For a loyal but impatient Crimson Tide fan base still waiting on that first national title since way back in 2020, the page has already been flipped to the 2026 season, with a fresh set of concerns to go with it. Everything at Alabama is magnified, especially the negatives, which means that list of concerns going into the offseason is already building by the day.
We’ll discuss 5 really big early concerns, with a long offseason journey ahead:
1. That giant void Ty Simpson left at quarterback
Simpson wasn’t perfect in his first and now only season as Alabama’s starting QB, but no quarterback is, not even the guy at Indiana who got his hands on the Heisman and may raise the national title trophy, too. The fact is, Simpson gave the Crimson Tide almost all of what they needed in 2025 to win double-digit games, get into the Playoff and even win a road Playoff game against Oklahoma.

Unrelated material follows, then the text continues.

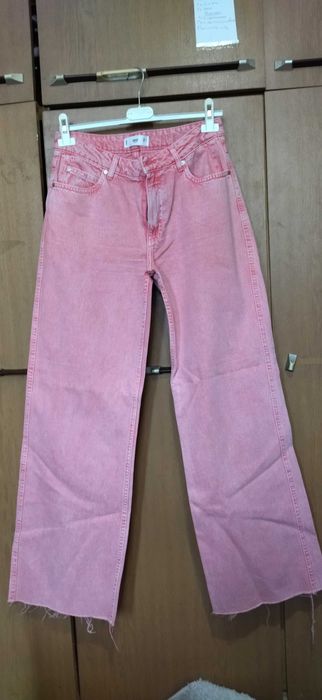 Дамски дънки с широк крачол в розов цвят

He threw for over 3,500 yards. He tossed 28 touchdown passes and didn’t hurt his team too often, throwing only 5 interceptions. He completed 65% of his passes, too, and Simpson was getting a lot of Heisman Trophy heat until the offense struggled down the stretch.
But the cold reality is that he’s long gone, announcing he was declaring for the NFL Draft, turning down multi-million-dollar transfer offers from SEC rivals Tennessee and Ole Miss — and even a $6.5 million offer from Miami, according to an On3 report — before doubling down earlier this week and signing his draft papers just before Wednesday’s deadline for underclassmen.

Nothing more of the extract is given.